FCC gives SpaceX “green light” to expand Starlink constellation to 15,000 satellites

SpaceX launches its Falcon 9 rocket from Space Launch Complex 40 at Cape Canaveral Space Force Station on Jan. 9, 2025, on the Starlink 6-96 mission. Image: Michael Cain/Spaceflight Now

Update Jan. 9, 6:14 p.m. EST (2214 UTC): SpaceX confirms satellite deployment. Adding FCC announcement details.

The Federal Communications Commission granted SpaceX the ability to expand its Starlink constellation in low Earth orbit to a total of up to 15,000 satellites.

The announcement Friday evening from the FCC came less than an hour after SpaceX launched its latest batch of Starlink V2 Mini Optimized satellites from Cape Canaveral Space Force Station in Florida.

“This FCC authorization is a game-changer for enabling next-generation services,” said FCC Chairman Brendan Carr in a statement. “By authorizing 15,000 new and advanced satellites, the FCC has given SpaceX the green light to deliver unprecedented satellite broadband capabilities, strengthen competition, and help ensure that no community is left behind.”

SpaceX’s Falcon 9 lifted off from Space Launch Complex 40 at 4:41 p.m. EST (2141 UTC) with the rocket flying on a south-easterly trajectory after flying away from the pad.

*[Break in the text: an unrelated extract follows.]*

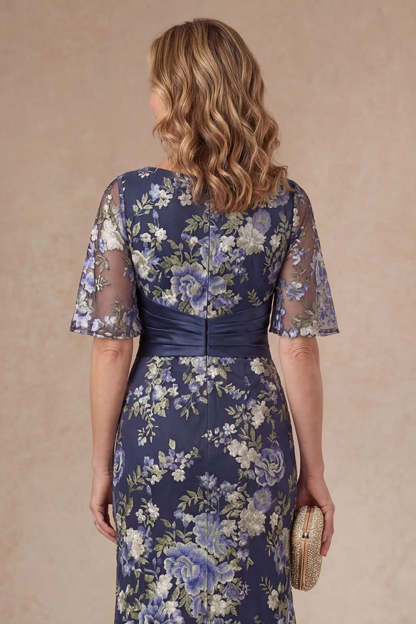 Navy Floral Sheath Appliqued V Neck Short Sleeves Long Mother of the Bride Dress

SpaceX launched the mission using the Falcon 9 booster with the tail number 1069. This was its 29th flight after launching missions, like CRS-24, Eutelsat Hotbird 13F and 24 batches of Starlink satellites.

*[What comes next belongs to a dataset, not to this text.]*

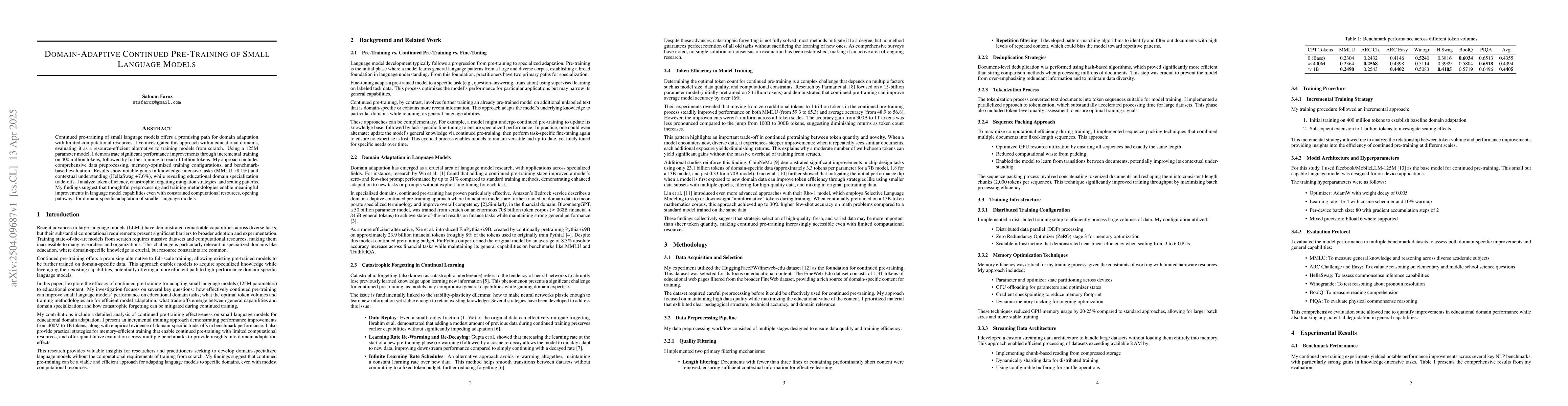 Thumbnail for Domain-Adaptive Continued Pre-Training of Small Language Models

Nearly 8.5 minutes after liftoff, B1069 landed on the drone ship, ‘A Shortfall of Gravitas,’ positioned in the Atlantic Ocean to the east of The Bahamas. This was the 138th landing on this vessel and the 556th booster landing for SpaceX to date.

A little more than an hour after liftoff, the 29 Starlink satellites deployed into orbit. According to astronomer and expert orbital tracker Jonathan McDowell, there were more than 9,400 Starlink satellites in orbit as of Jan. 5.

SpaceX launches its Falcon 9 rocket from Space Launch Complex 40 at Cape Canaveral Space Force Station on Jan. 9, 2025, on the Starlink 6-96 mission. Image: Adam Bernstein/Spaceflight Now

The FCC’s move to allow SpaceX to launch an additional 7,500 of its Starlink V2 satellites allows the company to make additional changes, like adding giving them the latitude to make new design changes and adding new orbital shells from 340 km to 485 km.

SpaceX’s vice president of Starlink Engineering Michael Nicolls said last week that the company planned to lower about 4,400 satellites currently orbiting at about 550 km down to roughly 480 km, though he didn’t provide a timeline for the shift.

“Lowering the satellites results in condensing Starlink orbits, and will increase space safety in several ways,” he said in a social media post. “As solar minimum approaches, atmospheric density decreases which means the ballistic decay time at any given altitude increases – lowering will mean a >80% reduction in ballistic decay time in solar minimum, or 4+ years reduced to a few months.

“Correspondingly, the number of debris objects and planned satellite constellations is significantly lower below 500 km, reducing the aggregate likelihood of collision.”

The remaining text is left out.